Given data |
=== Section Start ===

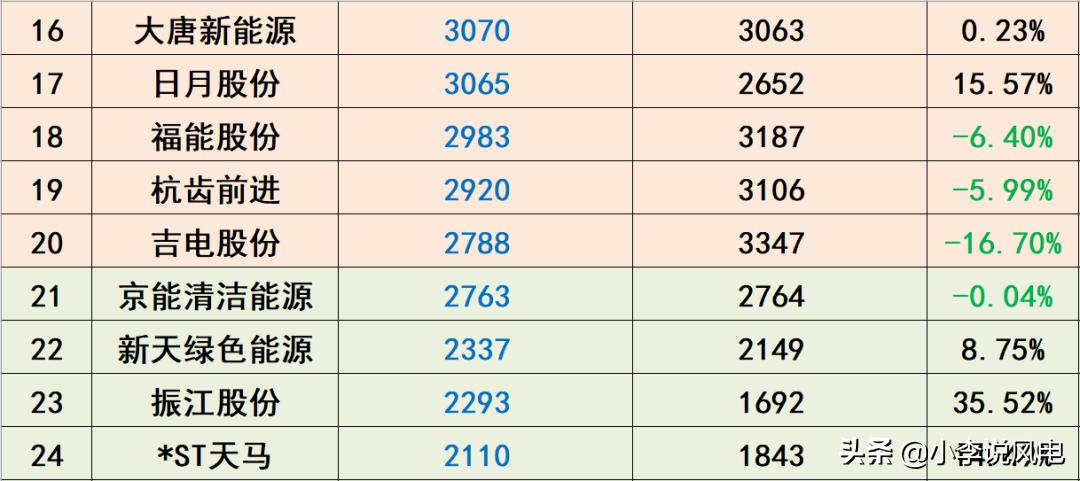 风电收入高吗,风电工资一般多少钱一个月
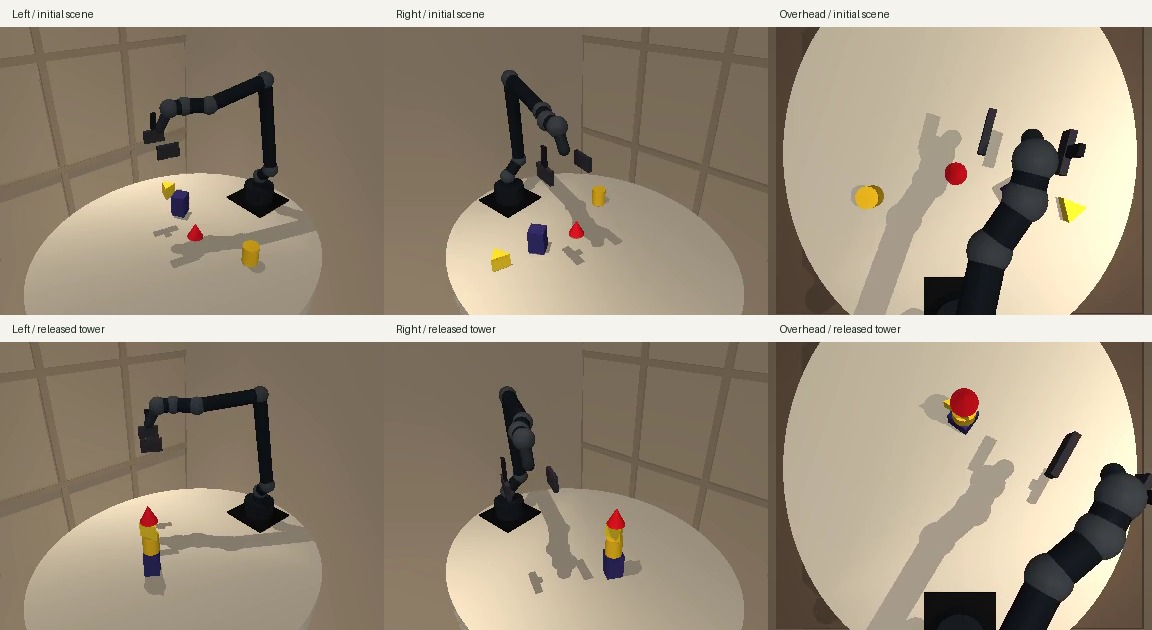 Initial block layout and final released tower from left, right and overhead synthetic cameras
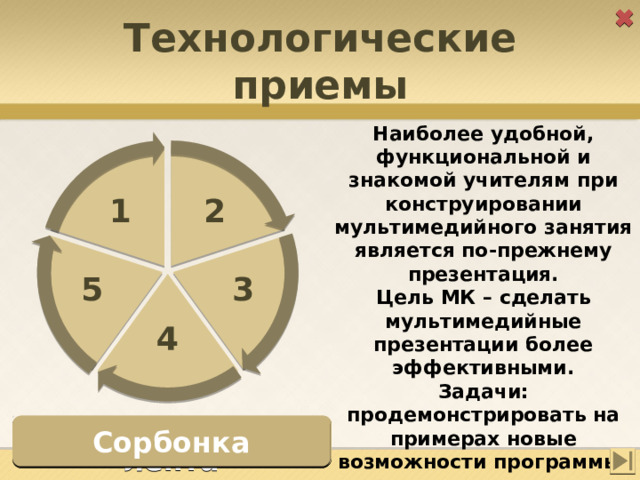 Технологические приемы Наиболее удобной, функциональной и знакомой учителям при конструировании мультимедийного занятия является по-прежнему презентация. Цель МК – сделать мультимедийные презентации более эффективными. Задачи: продемонстрировать на примерах новые возможности программы; заинтересовать и показать технологию выполнения данных приемов в работе 1 2 5 3 4 Карусель Экран Сорбонка Листание Интерактивная лента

=== Section End ===

Task goal | Return the complete data unchanged and include none of the pictures.

Final answer |
 风电收入高吗,风电工资一般多少钱一个月
 Initial block layout and final released tower from left, right and overhead synthetic cameras
 Технологические приемы Наиболее удобной, функциональной и знакомой учителям при конструировании мультимедийного занятия является по-прежнему презентация. Цель МК – сделать мультимедийные презентации более эффективными. Задачи: продемонстрировать на примерах новые возможности программы; заинтересовать и показать технологию выполнения данных приемов в работе 1 2 5 3 4 Карусель Экран Сорбонка Листание Интерактивная лента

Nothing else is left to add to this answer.